The problem with the user account was because their email address was missing. They must have been queued up to receive a follow-up email. But because their email address was empty it caused an error. This prevented the follow up email task from completing. Night after night after night. I am the smartest man alive!

But could this really be? I received a notification from Sentry a while back about "accessing email property on null". But wouldn't I have received those every weekday morning though.

I went back to the query. Sure enough, the top result was for the corrected user. This means it was the first record in the Eloquent collection and had been blocking the job from completing for months.

I verified against production data no other accounts were missing email. While the application code clearly doesn't expect null, I quickly added an abort(409); for any attempt to create a user account with a null email address. I'll likely drive this out through tests later in the week.

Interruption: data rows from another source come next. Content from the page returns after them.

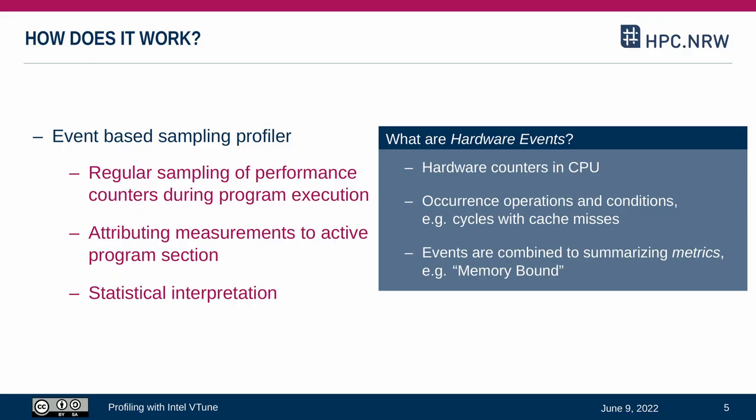So what exactly is a hardware event? There are special purpose counters in modern CPUs that count the numbers of occurrences of many operations and conditions. Another example could be the cycles in which a cache miss has occurred. Measurements of events are typically combined into summarizing metrics. We have seen such metrics before and one example would be the amount of memory bound behavior.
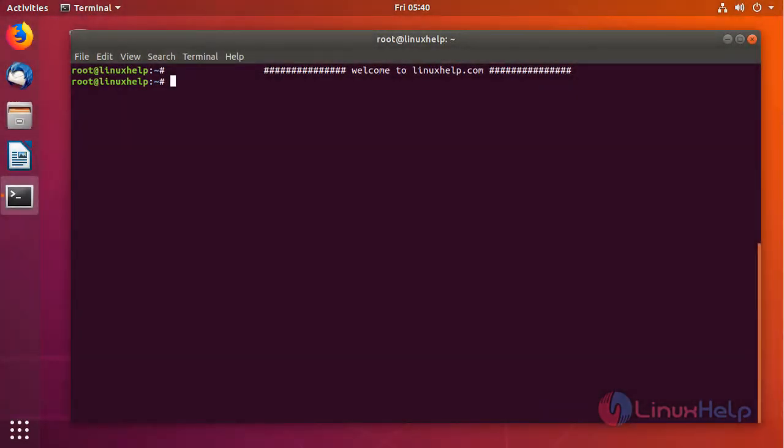Hello viewers, welcome to linuxhelp.com. Today we are going to see how to install CLion on Ubuntu 18.04.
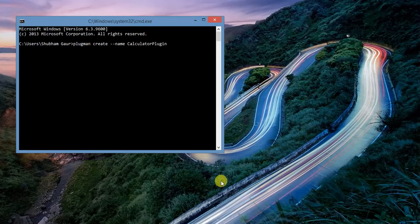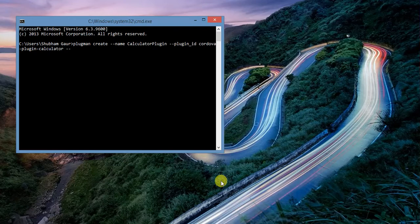So now that's the Calculator plugin. Now we give the plugin ID — the plugin ID is something like 'code.droga.plugin.character'. Now we give the plugin version, which is 0.1.1.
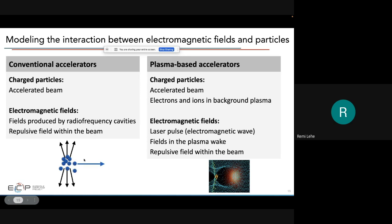The electromagnetic fields include the laser pulse itself — an oscillating electric and magnetic field — as well as the plasma wake fields created by the charge separation between ions and electrons, and the repulsive fields within the beam. In the particle-in-cell algorithm, the electric and magnetic fields are represented on a grid shown in red, and the beam and plasma particles are represented by discrete particles shown in blue that move through the grid.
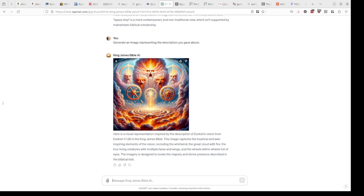You can see the utility in something like this, but it gets a little bit better. Again, I've asked a vague question about Ezekiel and it's given me a pretty specific answer.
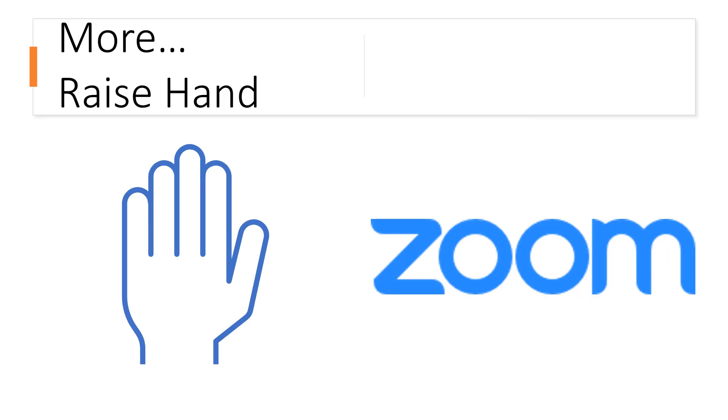So remember, to gain attention of your host in a Zoom meeting use the Raise Hand button which can be found by tapping on the More option on the bottom right-hand corner of the screen.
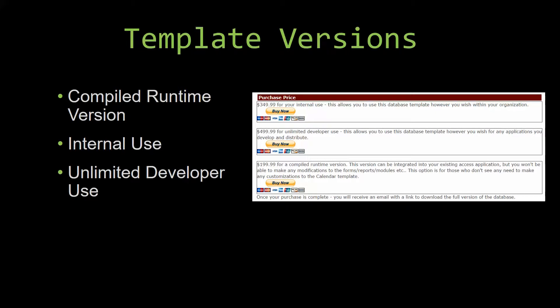With ShrinkWrap software, you do not receive the source code when purchasing the software, which means that you cannot update or customize the database as you wish.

So there it was. I had my 5 Whys:

  1. Why did 3,625 emails go out? Because the follow-up job.
  2. Why did the follow-up job send so many emails? Because it was backed up.
  3. Why was it backed up? Because there was a null email address.
  4. Why was there a null email address? Because their account was pending email verification.
  5. Why didn't this get caught? Because there was no check.

I reckon some developers would have just disabled email and moved on. But I had to know why. I wanted to provide great service. Even if it was hard. Which brings me to one of my favorite movie quotes:

It's supposed to be hard. If it wasn't hard, everyone would do it. The hard is what makes it great.